### Problem requirements
Pictures stay out of the copy. Retype exactly, and only, the lines from the one containing "Dilo Hinoki Sesame" through the end of the listing below.

### Data below

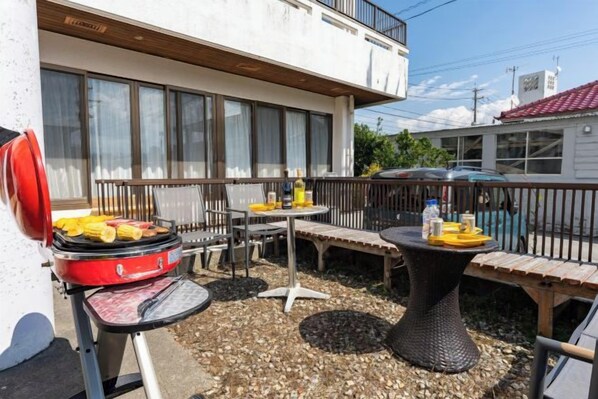 An outdoor patio with a grill, seating, and a table with drinks. - Mizunowa (Nago)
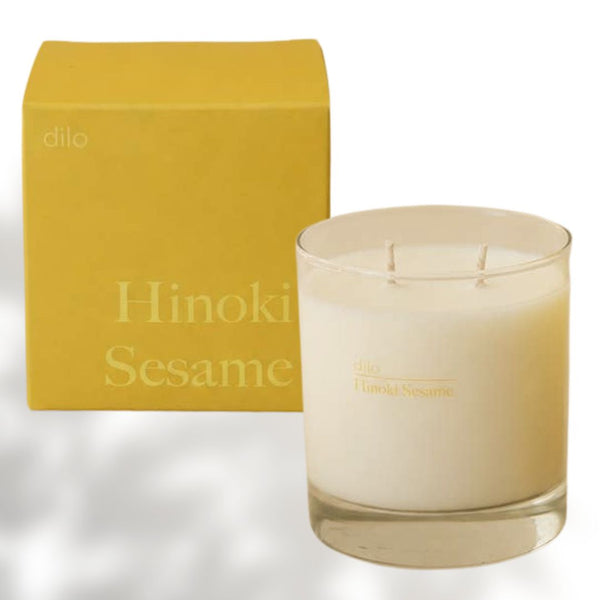 Dilo Hinoki Sesame Candle in a glass holder, showcasing a soothing candle with hinoki and sesame scent for ambiance.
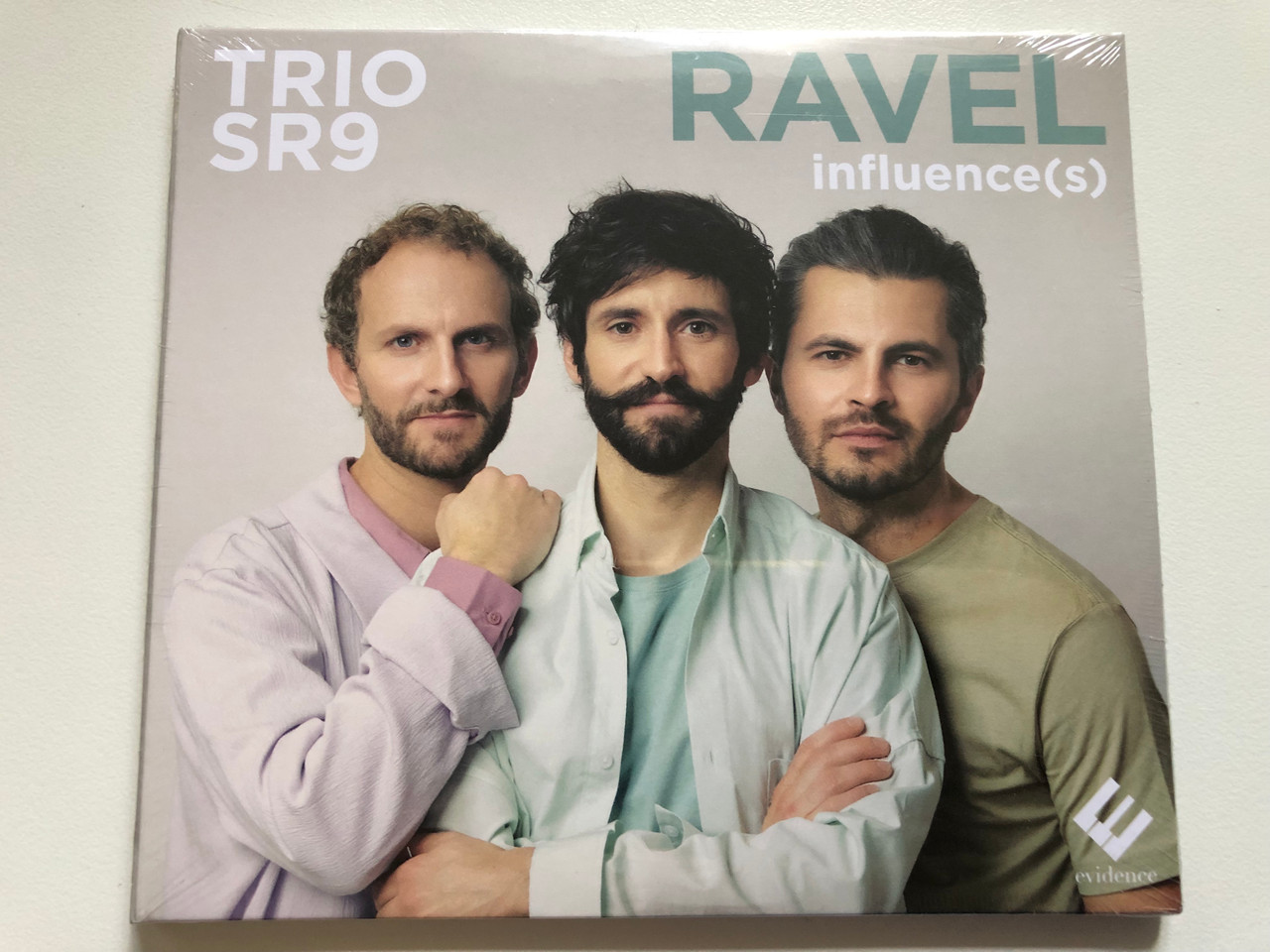 https://cdn10.bigcommerce.com/s-62bdpkt7pb/products/0/images/275416/Trio_SR9_-_Ravel_influences_evidence_Audio_CD_2022_EVCD086_1__49299.1685110915.1280.1280.JPG?c=2&_gl=1*q6ijsf*_ga*MjA2NTIxMjE2MC4xNTkwNTEyNTMy*_ga_WS2VZYPC6G*MTY4NTEwNjUzMy45MTIuMS4xNjg1MTEwODAxLjQ4LjAuMA..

### Response
 Dilo Hinoki Sesame Candle in a glass holder, showcasing a soothing candle with hinoki and sesame scent for ambiance.
 https://cdn10.bigcommerce.com/s-62bdpkt7pb/products/0/images/275416/Trio_SR9_-_Ravel_influences_evidence_Audio_CD_2022_EVCD086_1__49299.1685110915.1280.1280.JPG?c=2&_gl=1*q6ijsf*_ga*MjA2NTIxMjE2MC4xNTkwNTEyNTMy*_ga_WS2VZYPC6G*MTY4NTEwNjUzMy45MTIuMS4xNjg1MTEwODAxLjQ4LjAuMA..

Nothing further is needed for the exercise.